# Flat Back TT Position



## soup67 (Feb 26, 2004)

My back is more rounded than flat while in my TT position. I am working on getting a flatter back, and can visualize what I need to be doing I think (tilting at the pelvis, riding a bit more on the taint) but am having a real hard time holding the position for any length of time while on the gas.

I've extended my reach little as what I perceive to be the correct position stretches me out a bit. Any other suggestions for exercises, stretches or saddle/bar adjustments that might make this position a little more natural? Long slow rides in the position?

I've been working on it for while now, with no real improvement. I always end up back in the old humped-back position when racing.

Thanks,

soup


----------



## kbiker3111 (Nov 7, 2006)

Move the saddle forward.


----------



## soup67 (Feb 26, 2004)

Saddle is as far forward as USCF rules allow: Nose is 5cm behind center of BB.

soup


----------



## function (Jun 20, 2008)

Have you tried dropping the bars? Too high and you'll be hunched.


----------



## kbiker3111 (Nov 7, 2006)

I'm not sure what the current regulations are or what races you're entering, but I think it only applies to NRC or national championship races.

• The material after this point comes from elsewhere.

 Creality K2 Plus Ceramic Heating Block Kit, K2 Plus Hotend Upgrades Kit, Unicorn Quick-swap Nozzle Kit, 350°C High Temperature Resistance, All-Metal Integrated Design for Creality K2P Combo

http://www.usacycling.org/forms/uci/UCIBicycleRegulations.pdf

Somebody feel free to contradict me.


----------



## soup67 (Feb 26, 2004)

*I think you are right, . . .*

but I have been trying to comply with that reg, more as a matter of principal than anything else. My thinking is why not set the bike up so that it complies with whatever measurements they might take at Nationals? 

Anyway, what is your rationale for moving the seat forward? How will that help me to get a flatter back? 

Thanks for the input.

soup


----------



## soup67 (Feb 26, 2004)

That was my thinking in extending the reach. Maybe I'll drop the bars (and tilt the saddle nose down?) a little too.



function said:


> Have you tried dropping the bars? Too high and you'll be hunched.


----------



## STARNUT (Jun 19, 2005)

The hump is caused by the bars being to close. And you can't go down without going forward.

Starnut


----------



## Gnarly 928 (Nov 19, 2005)

Also, do some core strength work. A friend, former US TT masters winner, is always telling me..."Work on your core strength"...I have done, and it's really starting to help. I'm able to tolerate a lot lower bar position and I think put out more power as I do so. He says that is the single most important factor in turning in a good TT performance: Being as flat, above the waist (and parallel to the road) as possible. He also uses one of those short looking saddles...don't know the brand... but it allows a UCI and USA Cycling legal bike set up will giving him the best possible body position.

I'll be finding out tomorrow and Sunday at this little gem of a TT here in Oregon

http://www.raceacrossoregon.com/deschutes

Don Hanson


----------